But for function pointers to regular static managed functions, would that require this?

The managed calling convention currently defaults to the "default calling convention" for the operating system. That is ms_abi for Windows and sysv_abi on Unix. We could certainly change this in the future to be __vectorcall on Windows instead, but that would be a transparent change for end users.

For unmanaged you must annotate your function as UnmanagedCallersOnly, this also defaults to the "default calling convention" for the operating system. When we eventually get __vectorcall support added, there will be a corresponding CallConvVectorcall member added and you would annotate your UnmanagedCallersOnly with this as well as ensuring your fnptr is marked as delegate* unmanaged[Vectorcall]<...>.

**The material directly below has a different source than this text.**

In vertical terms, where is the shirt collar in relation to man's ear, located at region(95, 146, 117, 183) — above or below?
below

(Or should we make a Roslyn error when trying to take the address of a static managed function that has e.g Vector128?

I don't see the need or benefit it would simply block a scenario that already works and works correctly. The scenario that doesn't work today is interop with a native function that uses __vectorcall (we also block Vector128<T> in general due to the bug in how vector returns work, but there are workarounds you can do to make it "work").

xoofx commented 1 year ago

I don't see the need or benefit it would simply block a scenario that already works and works correctly.

Oh right, I mixed the fact that the managed code is still passing VectorXXX<T> arguments through the stack, but I thought it was not and I was expecting somehow a vectorcall calling convention.

So that's indeed only for the case of unmanaged.

jakobbotsch commented 1 year ago

Sadly won't get to this one in 8.0 either.

dmchurch commented 4 months ago

The managed calling convention currently defaults to the "default calling convention" for the operating system. That is ms_abi for Windows and sysv_abi on Unix. We could certainly change this in the future to be __vectorcall on Windows instead, but that would be a transparent change for end users.

Out of curiosity, what's the roadblock in executing on this? I just finished experimenting with using the SIMD intrinsic classes as a primitive for 4-component float/double vector math - originally wrapping them in a readonly struct for ease-of-use but eventually just using the native types and methods directly - and determined that it was wildly unsuitable for that. (I'm aware that, despite their name, vector math is not the primary use case for SIMD vector instructions.) The SIMD intrinsic methods (Vector128.AndNot and such, and also the operators) don't allow themselves to be inlined - they have to appear by name in the source of the method where they're used, or they'll emit a function call into the asm.

That wouldn't be quite as much of a problem as it is, if the vectors weren't going through a store/load with each and every call and return, and function prologs and epilogs everywhere. I wouldn't mind the extra calls nearly so much if they were just vaddps xmm0,xmm0,xmm1; ret - I'd expect the CPU cache to be able to inline that away itself, making it nearly as good as a compiler inline, but all these stack operations make that an impossibility.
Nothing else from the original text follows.